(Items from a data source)
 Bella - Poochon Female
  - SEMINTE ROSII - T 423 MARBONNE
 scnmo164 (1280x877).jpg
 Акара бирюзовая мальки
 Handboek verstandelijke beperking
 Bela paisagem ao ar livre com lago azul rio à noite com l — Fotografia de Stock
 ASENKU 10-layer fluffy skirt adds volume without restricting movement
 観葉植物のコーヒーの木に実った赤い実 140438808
==
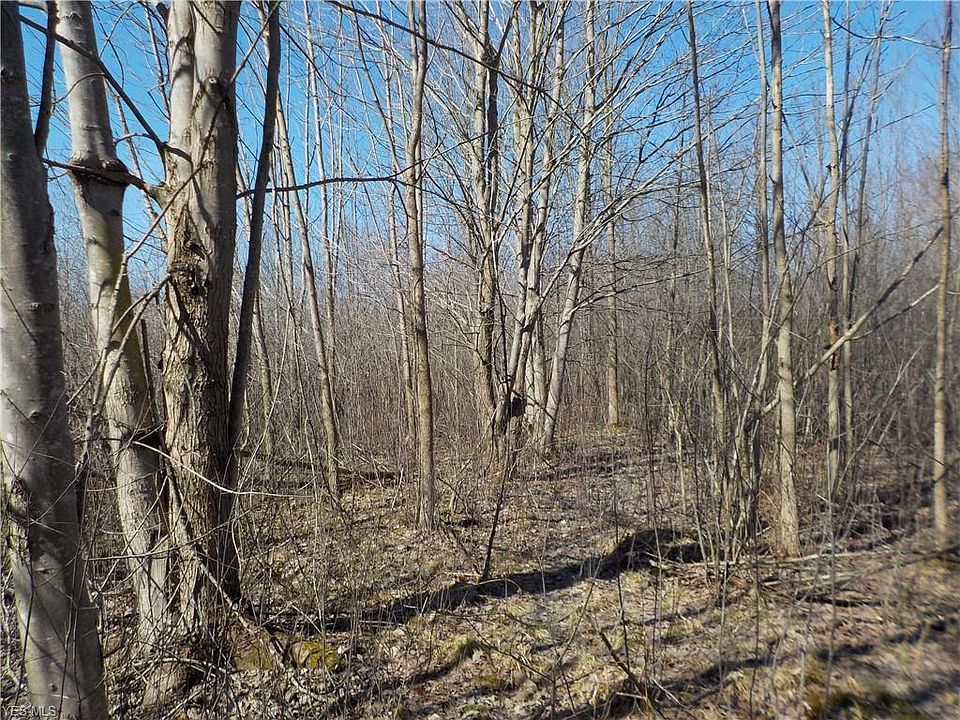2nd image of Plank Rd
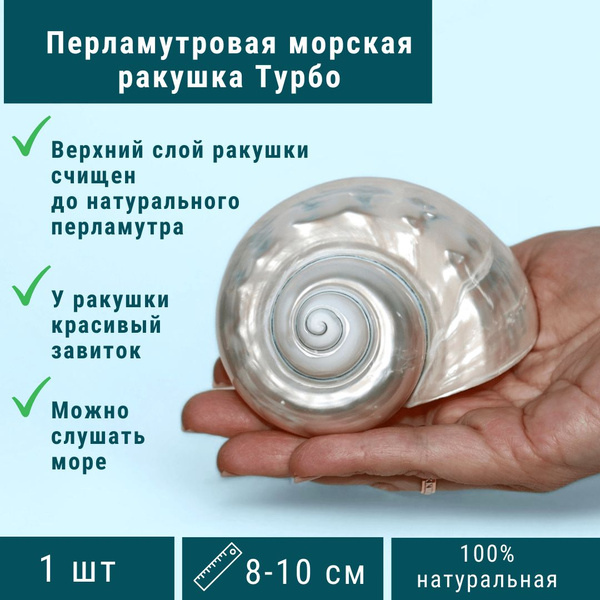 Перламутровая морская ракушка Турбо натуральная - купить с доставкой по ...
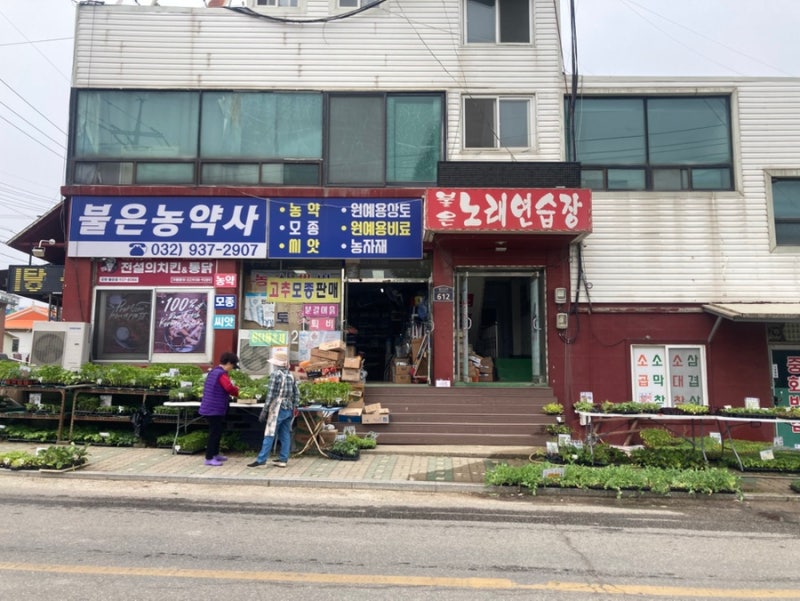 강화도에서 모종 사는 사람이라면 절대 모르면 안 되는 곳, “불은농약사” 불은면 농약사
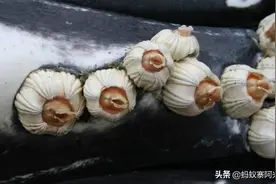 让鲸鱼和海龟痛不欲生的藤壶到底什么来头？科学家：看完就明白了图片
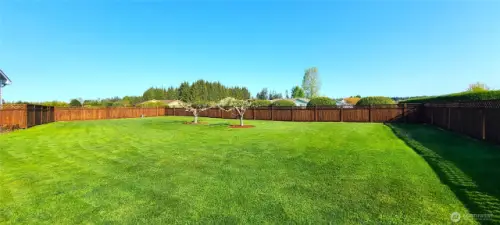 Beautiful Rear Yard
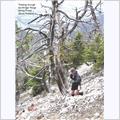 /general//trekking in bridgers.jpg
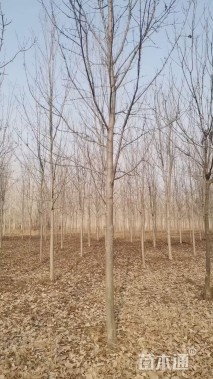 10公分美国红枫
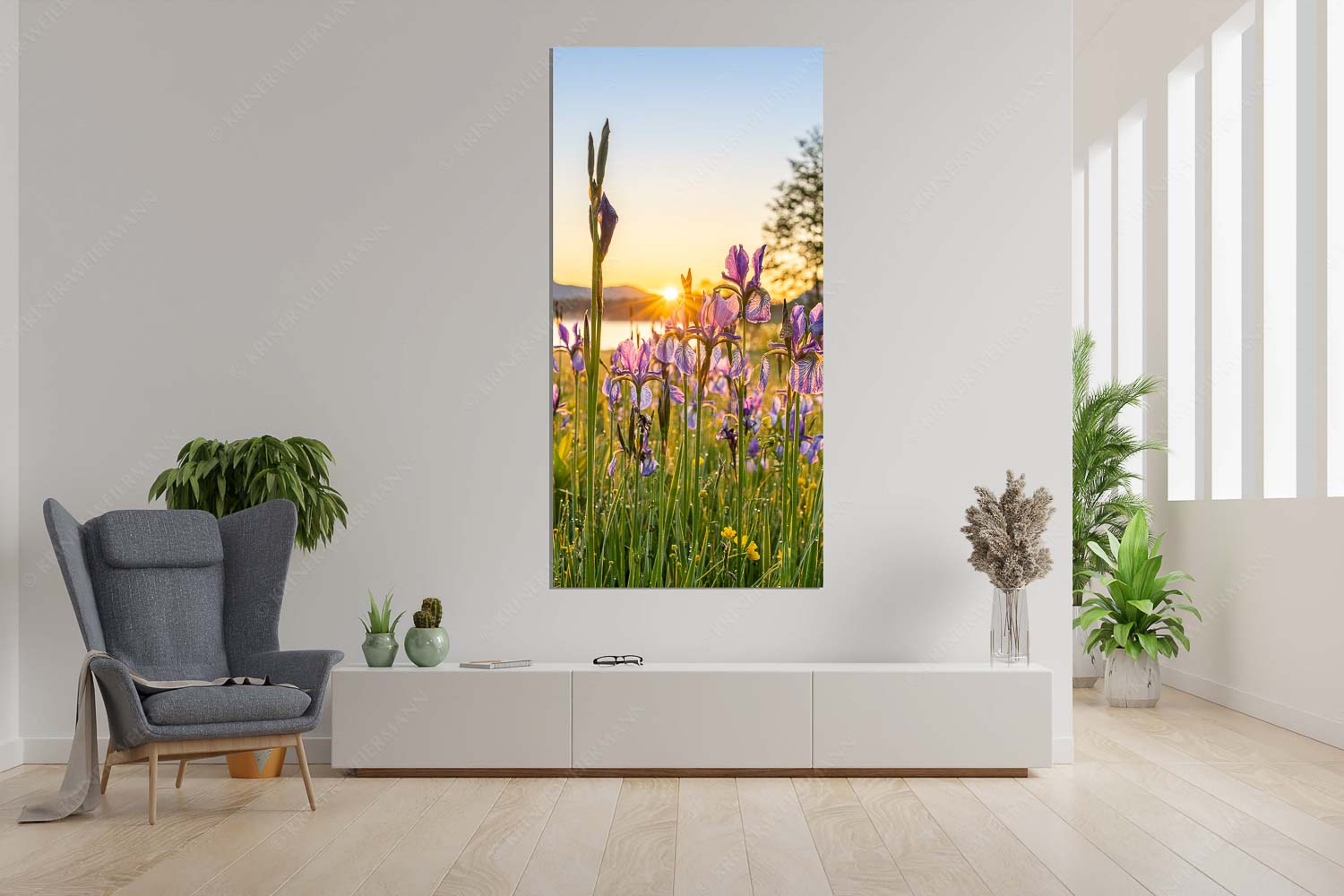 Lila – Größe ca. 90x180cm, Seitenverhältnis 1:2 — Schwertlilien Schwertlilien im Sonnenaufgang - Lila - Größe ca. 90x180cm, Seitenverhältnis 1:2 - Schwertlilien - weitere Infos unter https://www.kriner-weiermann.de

* [YOUR ASSIGNMENT] Would you output, from the records above, exactly the run of lines that starts at the line containing "- SEMINTE ROSII - T 423 MARBONNE" and ends at the line containing "観葉植物のコーヒーの木に実った赤い実 140438808", and only that run?

* [YOUR RESPONSE]
  - SEMINTE ROSII - T 423 MARBONNE
 scnmo164 (1280x877).jpg
 Акара бирюзовая мальки
 Handboek verstandelijke beperking
 Bela paisagem ao ar livre com lago azul rio à noite com l — Fotografia de Stock
 ASENKU 10-layer fluffy skirt adds volume without restricting movement
 観葉植物のコーヒーの木に実った赤い実 140438808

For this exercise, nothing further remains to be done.